Regarding the rock example: An omnipotent being would have zero limitations regarding what mass of a rock he or she could create OR what mass of a rock he or she could move. The inability to create a rock so heavy that he or she cannot move it is not in fact an inability, it is the absence of a limitation on how much mass can be moved. And that's not even getting into the more clever responses that look at the definition of lift.

Side: Argument for Existence
1 point

It is an inability as it something they can't do. It is an inability which arises from a lack of limitations.

Side: Argument for Existence
daver(1771) Clarified
1 point

An all powerful God, has no limit to what he/she can do. In essence this means that God could change reality in any way he/she may wish to. This precludes the possibility of the paradox of the rock, as well as any other we can imagine.

Side: Argument for Existence
2 points

If they could change use their power to create limitations of their power then they would no longer be omnipotent and therefore not fit the definition of God.

Side: Argument for Existence
1 point

It is impossible for a god to exist.

God is considered to be the most highly-developed being in existence, highly surpassing humans.

Development cannot happen unless it's gradual.

Development is tirggered as a reaction to outside stimuli.

If we consider that at the beginning, there was nothing, that would put a god entity candidate in the same position as every other living being, reacting to the same set of stimuli.

Ergo, a god candidate would be no more or less developed than any other creature at a given point of time.

Ergo, he wouldn't be a god.

Side: Argument Against Existence
0 points

Whilst the the argument for the existence of an all powerful higher intelligence is more believable the the big bang ''theory'', I do not believe in the supernatural mumbo jumbo scriptures of the mainstream religions and their gods.
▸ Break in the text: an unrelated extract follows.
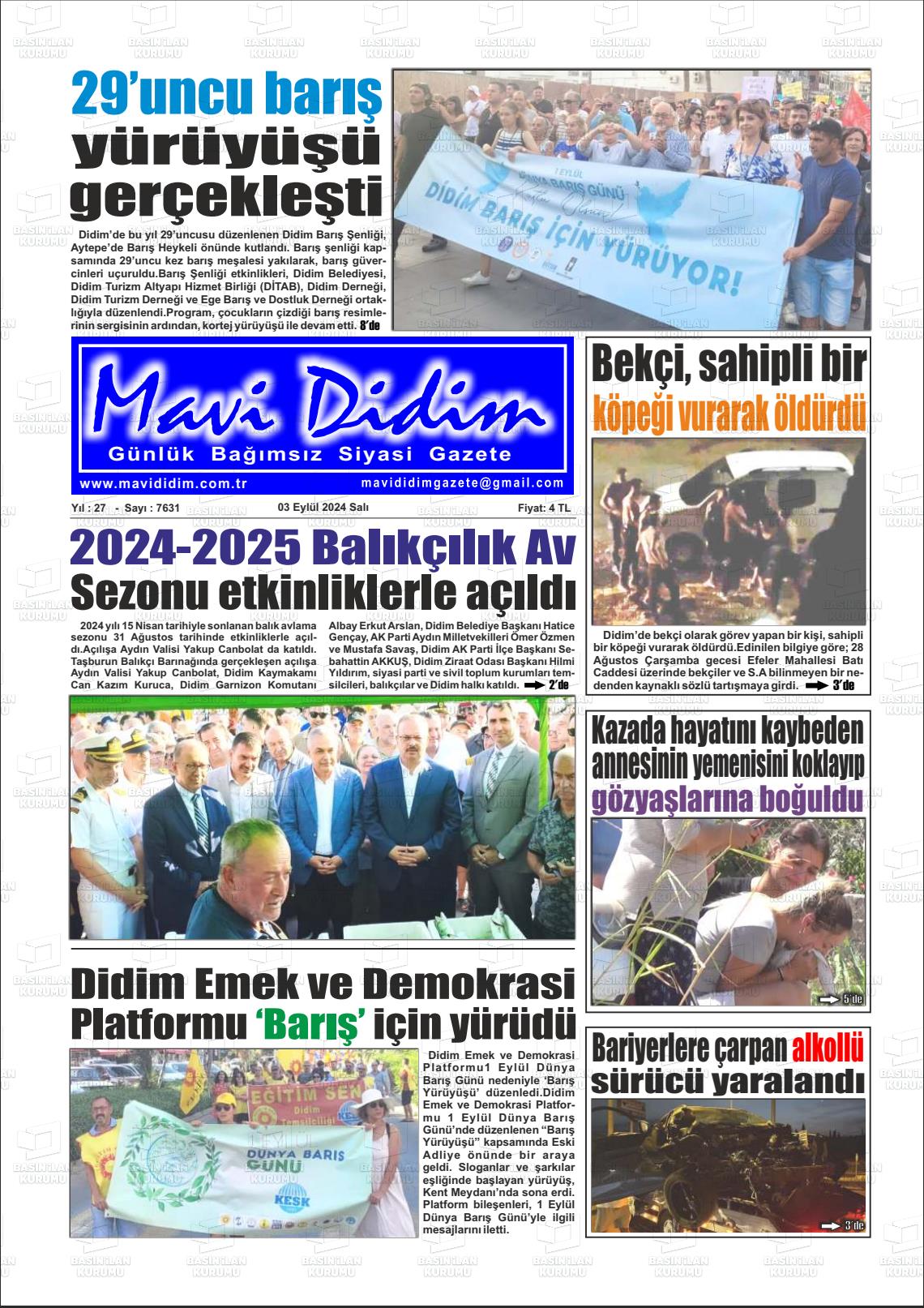 03 Eylül 2024 Mavi Didim Gazete Manşeti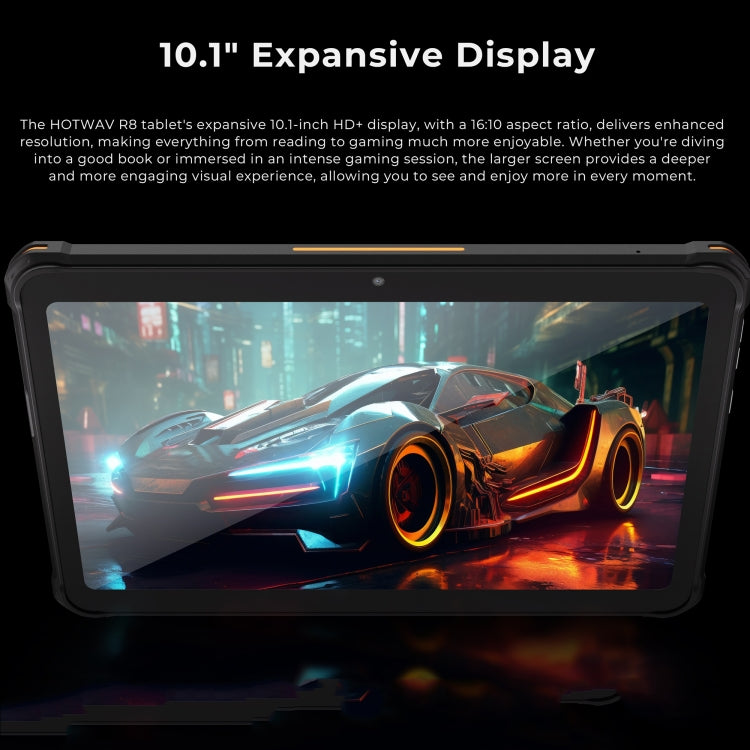 HOTWAV Tab R8 แท็บเล็ตกันน้ำกันฝุ่น IP68/IP69K, 4GB+128GB, 10.1 นิ้ว Android 14 Unisoc T606 Octa Core เครือข่าย 4G, รุ่นทั่วโลกพร้อม Google Play, ปลั๊ก EU, Tab R8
I also feel that anyone who believes in any part of the backward superstition teachings of these ancient codes should automatically be eliminated from running for public office. As large sections of the scriptures, of all faiths, are disproved, so the elaborate imaginations of the respective clergy invent new explanations for the absurdity of their inclusion in these ancient books. The theologians keep moving the goal posts in a pitiful attempt to make their religions appear more compatible with scientific findings. A virgin birth, Noah's ark, with two of every animal in existence aboard, the parting of the waters and all that jazz;- 'tell it to the Marines''.

Side: Argument Against Existence
1 point

First of all there is too much evidence for the Big Bang for it to be denied, also if you don;t believe in mainstream religion then why do you have the Islamic crescent and star for your profile picture?